What might your class do to imagine a one kilometre length?


MARTIN GARDNER

FAMOUS PEOPLE in MATHEMATICS
MARTIN GARDNER
Martin Gardner was born on 21 October 1914. He was a famous American recreational maths writer with over 60 books on maths puzzles. His most famous article in Scientific American was on trihexaflexagons. These were discovered by Arthur Stone in 1939, during WW2, when his new American paper would not fit in his English binder so he cut off the ends of the paper and began folding them into different shapes. A trihexaflexagon has 3 hexagonal faces, 1of which is always hidden. Just magical. It is made from ten equilateral triangles folded from a strip of paper. It can be flipped inside out and revealing just a front and back face each time. Gardner was a legend in 20th century recreational mathematics and helped make people all over the world become interested in solving maths puzzles. You can read more about him at http://www.martin-gardner.org


FAMOUS MATHEMATICIANS & SCIENTISTS – Caroline Herschel

The German astronomer Caroline Herschel was born on 16 March 1750. Caroline discovered 8 comets and was the 1st woman to receive a Gold Medal from the Royal Astronomical Society (1828). The King of Prussia presented her with a Gold Medal for Science on her 96th birthday in 1846. She was only only 1.3 m tall, a good singer, and started out as just a hobbyist with her brother William, but, using high quality telescopes, they discovered more than 2400 astronomical objects over 20 years. She recorded all her discoveries and improved star maps. She also became the first woman to be paid for her work in astronomy. Her pension in 1787 was £50 a year, and it was the first money that Caroline had ever earned in her own right. What a woman!

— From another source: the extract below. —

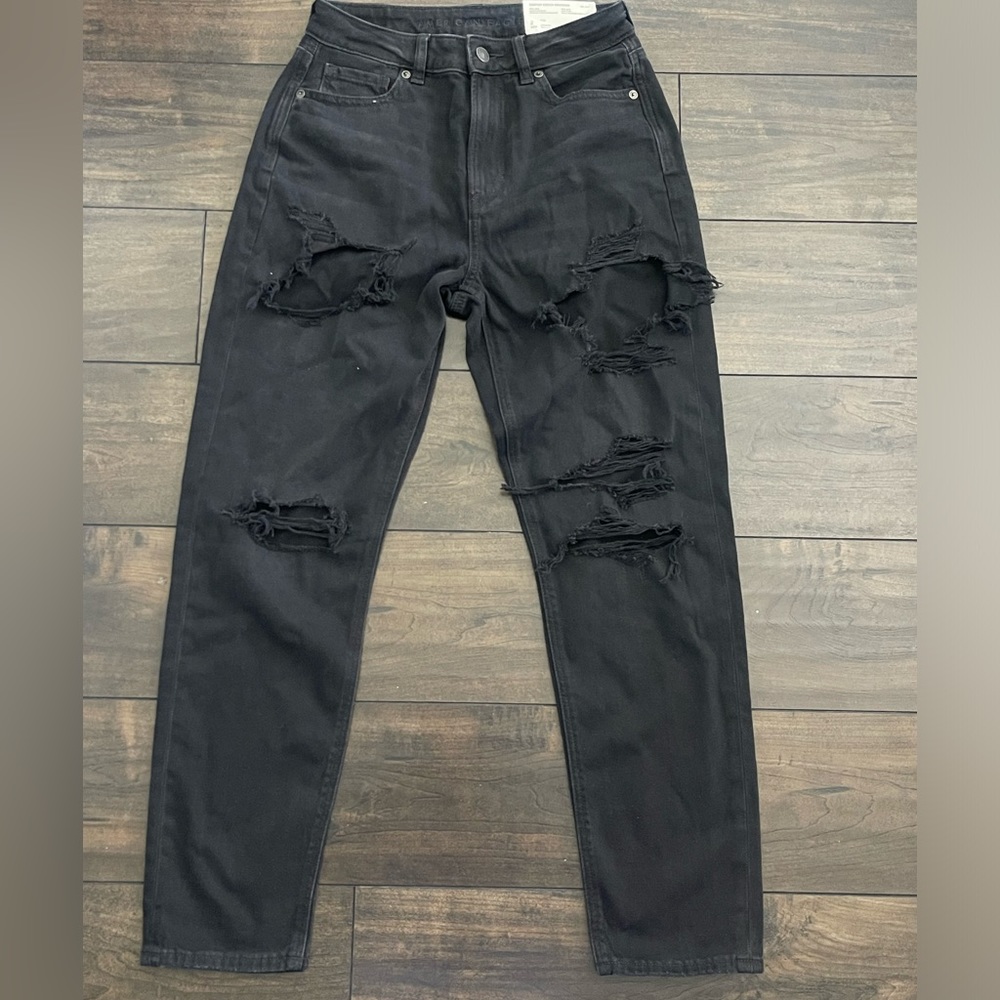 Size 2 (length:regular) Black ripped MOM JEANS!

NUMBER – WHOLE NUMBER -Huge numbers

Talking about real-life examples of gigantic numbers will help your students develop better place value concepts. Our Base 10 counting system operates with 10x, 100x, 1000 x and many more multiples of 10.
Today 1 866 134 284 978 MWh of solar energy reached earth. A megawatt hour is equivalent to 1 million watts of electricity being used for an hour. A megawatt hour (MWh) is equal to 1000 kilowatt hours.
A kilowatt-hour is a measure of the total use of electrical energy over a time period and is equivalent to 1000 watts of power (a kilowatt) being used continuously for 1 hour. A kilowatt is 1000 watts so 1 megawatt is 1 million watts of power.
A gigawatt is 1 billion watts of power meaning almost 2000 gigawatts of solar power reached earth today.
How strange that we don’t focus on solar energy collection more than we do. The world’s largest solar plant opened in China this month – the Huanghe Hydropower Development in China’s remote Qinghai province. Your students might like to research this project and discover lots more about huge numbers in our world.

MEASUREMENT – TIME – Telling the time using an analog clock

Telling time is an important part of primary mathematics. But teaching these concepts should be part of your daily routines, not a separate topic to teach every now and then for a week or two in the year. Our suggested weekly timetables reinforce this idea.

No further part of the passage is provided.